I am not exactly a neutral observer, but he was eager to assign those he saw as the best and brightest in the Department to key roles. There were those he liked and supported, whose careers he encouraged, and with whom there were unbreakable bonds of mutual loyalty. I was proud to become one of them. However, merit was the overriding criterion, and even if he didn’t have a close personal relationship with someone, he would promote them to a top position as the best man or woman for the job.

He was an exacting boss, it’s true, expecting others to match his unsurpassable standards. Those who didn’t win his confidence were placed to one side. Some were scared of him – often because they didn’t know when he was joking and when he was serious. Even in very stressful situations, his often mischievous humour helped keep up our morale. He was keen on running gags, on nicknames, on historical arcana, on seanfhocail and obscure French phrases – often followed by “as the old people used to say”. He adored gossip, in part because of his interest in human nature and his desire to know everything. But jokes were set aside at times of personal difficulty such as I once experienced, when he was extraordinarily kind.
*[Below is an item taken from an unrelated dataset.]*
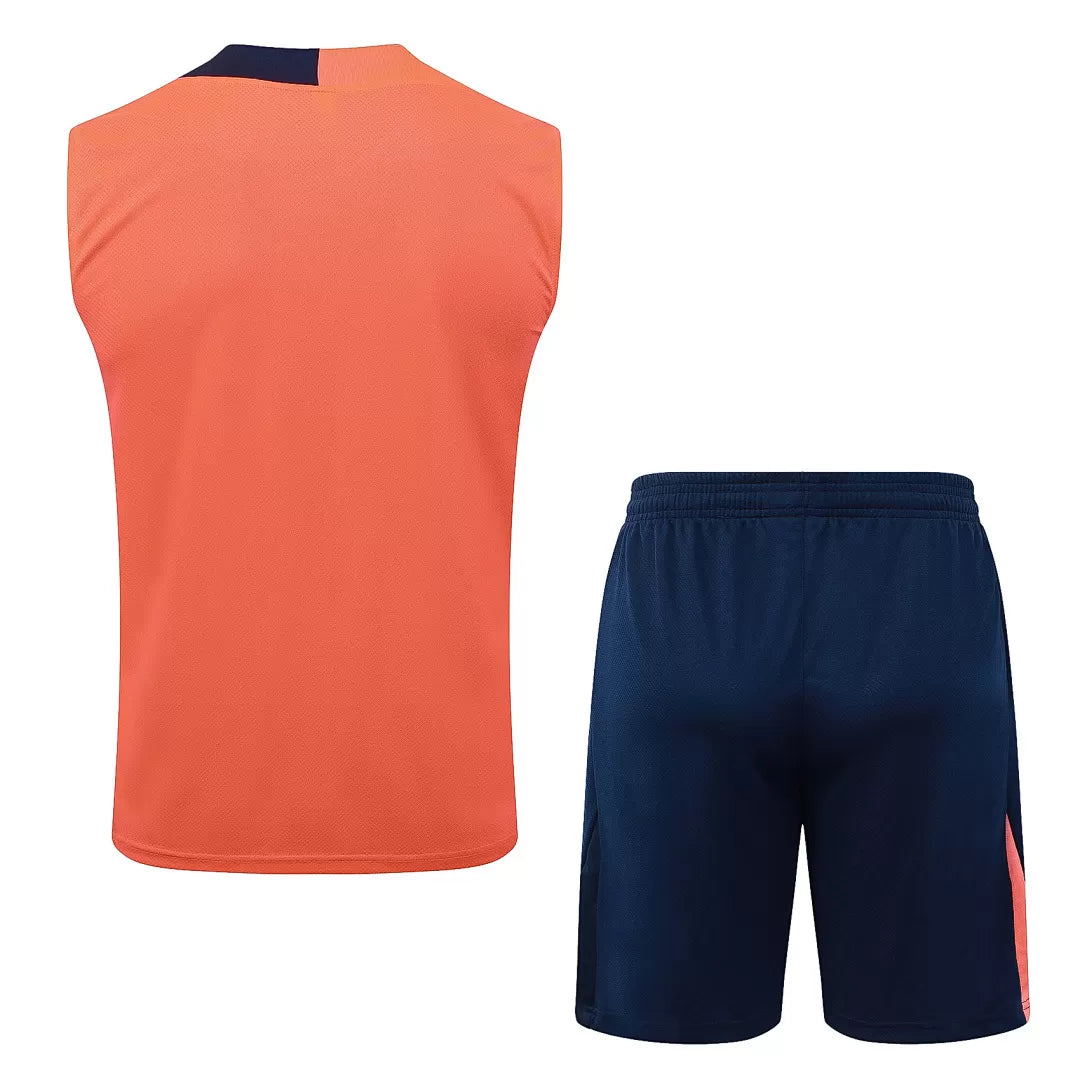 Completino Canottiera Barcelona 2025/26 Uomo Arancione | Kit Allenamento - CalcioVivo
He and I barely knew each other when he called me into his team in 1997 but we became close colleagues very quickly, and then true friends until the end of his life.

Once you were on team Gallagher, you were on it for ever. In his GAA role, he became a sort of diplomatic adviser to successive Presidents and Directors General. From time to time, he would ask me to cast an eye over a draft speech or statement. The topics ranged from the sublime – the visits to Croke Park of Queen Elizabeth and then Chinese Vice President Xi Jinping - to the ridiculous. Sitting in my fine Ambassadorial office in Paris in 2014 I received a call from Dermot: would I help with the GAA’s response to the cancellation of Garth Brooks’s Croke Park concerts? Dermot Gallagher had friends in all sorts of places, high and low.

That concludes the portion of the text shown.